Hockey tailgating received international press coverage during the Hurricanes' remarkable run to the Stanley Cup Finals in the spring of 2002. The visiting press corps of the four northern teams we played—the New Jersey Devils, Montreal Canadiens, Toronto Maple Leafs, and Detroit Red Wings—had apparently never seen such a thing and covered the phenomenon intensley as part of the "human interest" aspect of the playoffs.

2002 with our Cup.

This was the year that The B-Man and I made our original "from scratch" replica of The Stanley Cup. During the 2002 Toronto series, my wife and daughter headed off on a Girl Scouts trip. The B-Man and I had a Saturday night game coming up and that morning we decided that we needed a Cup. So we headed off to the nearest craft supplies place; came home with about $60 worth of styrofoam, foil, wooden dowels and a salad bowl; and in four hours we had a Stanley Cup.

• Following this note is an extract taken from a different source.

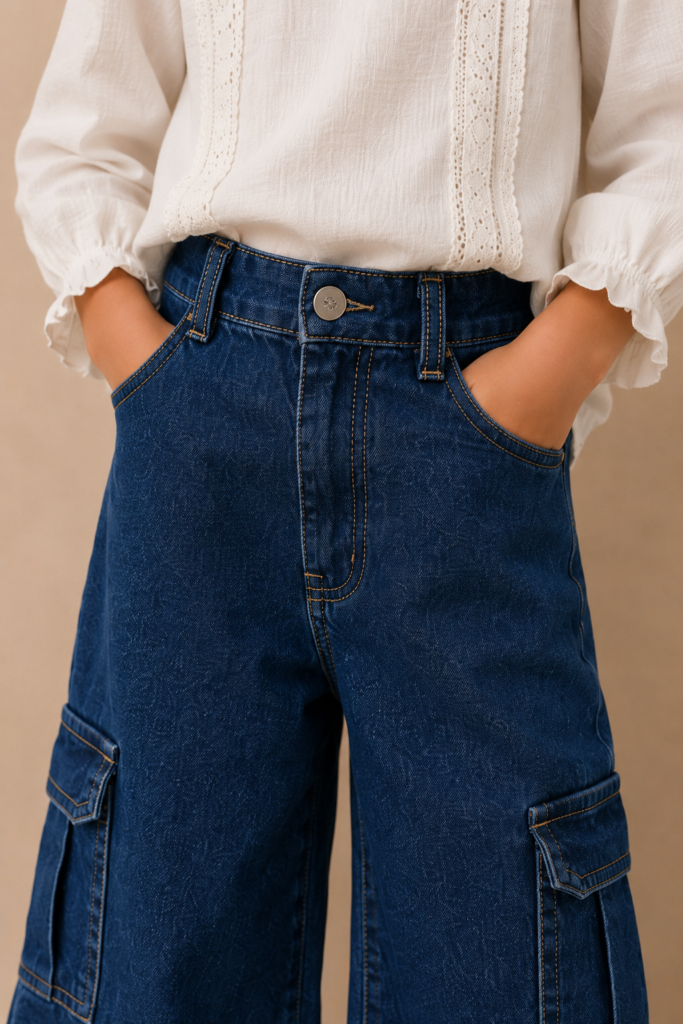 Jean wide leg cargo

Well, if you're a member of a Toronto TV crew roaming the parking lot at the visiting team's building looking for human interest stories, you strike gold when you walk around the corner and see two guys in hockey garb, beer, a hot-dog-covered grill, a cute kid and a Stanley Cup. We were taped and interviewed on several occasions. I recall being in front of the camera—full of beer—telling all the people in Toronto "Thank you for brewing all the Foster's at Carlson United Breweries in Toronto!!! Welcome to North Carolina!! WE HATE MONTREAL!!!"

By the end of the 2002 playoffs, both the Canadian and U.S. hockey media were calling us "Raleigh: the city that invented hockey tailgating." Players began referring to it in the media, mentioning that seeing all the "tailgaters" gave them a big lift when they arrived at the building. Ron Francis, in an interview, said:

"The pinnacle of the tailgating for me was before one of the playoff games, I just happened to be sitting in the locker room lounge and turned on the TV and they were showing a landscaper who came to the parking lot. He pulled a pool out of his truck, filled up the pool with air and then backed up his truck and filled the pool with water. He and his wife and a buddy and his wife proceeded to jump into the pool with their beers and bathing suits and waited for the game to start. I sat there and shook my head and told the guys, 'Hey, you've got to come and see this, it's beautiful.'"

But it all started at that very first Hurricanes game, the night that the RBC Center (then known as the Entertainment & Sports Arena) opened its doors. And as Paul Harvey would say, "that, my friends, is the REST of the story."